Saturday, January 29, 2011

I Read This #1

So we received this in a box of advance reader copies generously sent from St. Martin's Press a couple months ago. I picked it up--I don't know why. I mean, I know why. I like Wonder Woman, and there's a pretty girl on the cover. I'm a soft touch in that sense. I didn't know who Olivia Munn was. I have since come to know her as "that girl on that laddish network I don't watch" and "that new girl on the Daily Show". I have alas not come to know her as "that girl who wrote the surprisingly interesting autobiography".

When my employees saw me standing over the box of galleys with this one in hand they clearly thought the idea of me reading Munn's autobiography was just heeee-larious, but the first few pages, about a weird awkward Vietnamese-Chinese air-force brat covered head to toe in Disney licensed clothing and growing up in Oklahoma, were actually kind of arresting, and the more my employees thought it was preposterous that I might read it, the more I wanted to read it. I brought it home and promptly chucked it in a corner and forgot about it.

Fast forward a couple months to now, when the Spring 2011 textbook season is starting and I'm working crazy long days and honestly don't have the energy or attention span for challenging books. Times like these I crave fun books, so it's out with Virginia Woolf, in with Olivia Munn. It was a quick read, but the promise of the beginning doesn't really pan out. About half the book is less biography than it is a collection of not-ready-for-TV bits about how to talk to girls or other disposable nonsense that I think you're supposed to assume is funny even though it isn't--the kind of filler articles you find in glossy magazines for dudes, which I suspect is probably more ghostwriter than Munn herself. And while the rest is ostensibly Actual Biographical Material the true biography peters out by around page 10, and everything after that is really just about the work of achieving and maintaining a solid level of c-list celebrity. Like, once on a photo shoot for a Playboy cover, the stylist was totally an asshole! Okay?

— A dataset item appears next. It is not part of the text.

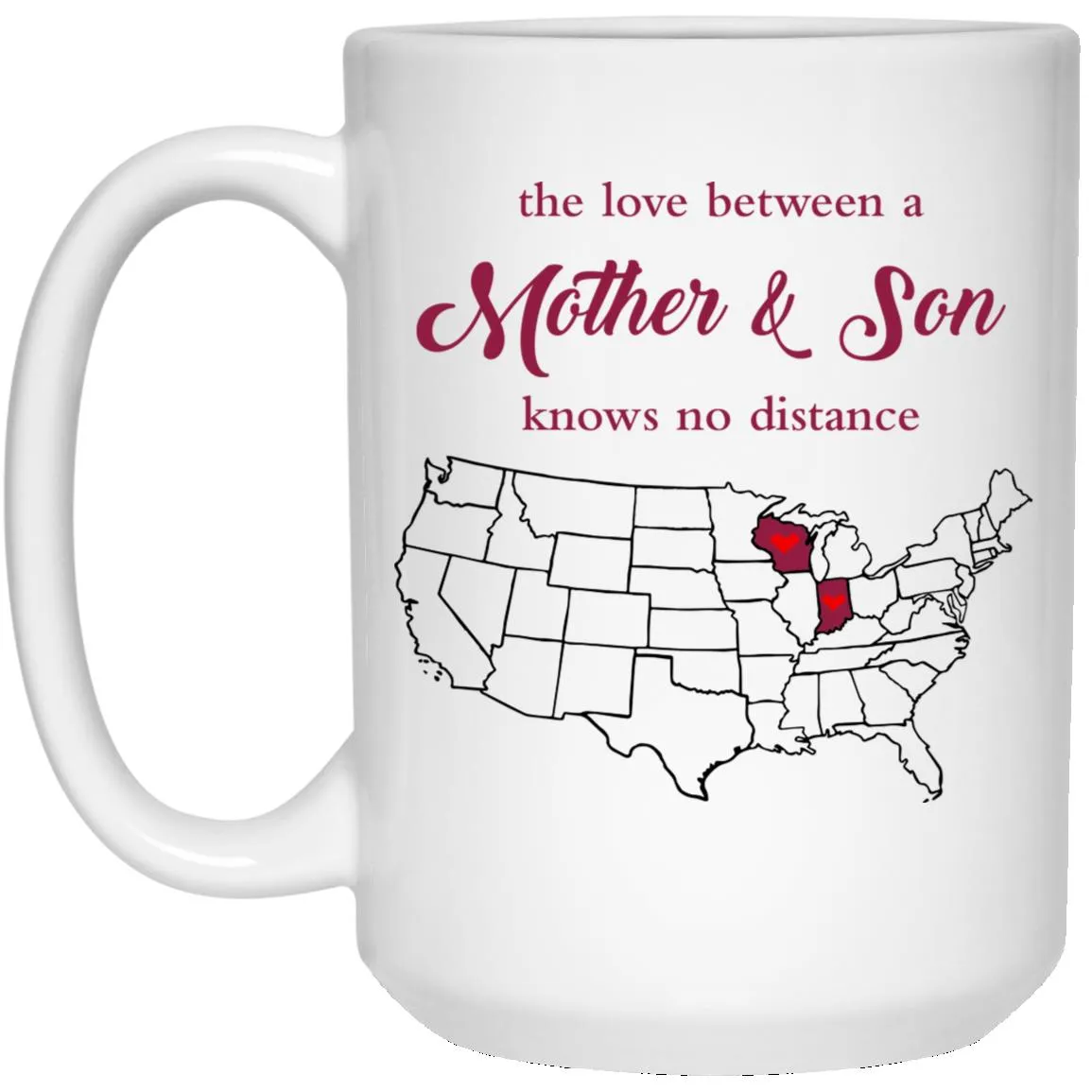 Wisconsin Indiana The Love Between Mother And Son Mug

The problem with this stuff is that Munn remains utterly guarded the whole time, and never lets the reader get closer than the average red-carpet interviewer, so it just comes off like hearing a stranger on the train talking about their workplace. Like, can you believe Martin in accounting? Seriously! The nerve of that guy! Also, everybody knows that guy wears a toupee. He isn't fooling anyone.

It isn't all bad though. I do think Munn maybe has a real book in there somewhere. The more candid stuff about just being a weird Chinese kid in Oklahoma with a pretty, blond, blue-eyed sister whom people openly and quite cruelly preferred to her--Munn's still pretty hesitant to go deeper than what is explicitly happening on the surface, but you can see the iceberg below the waters at least. The later chapters, not so much.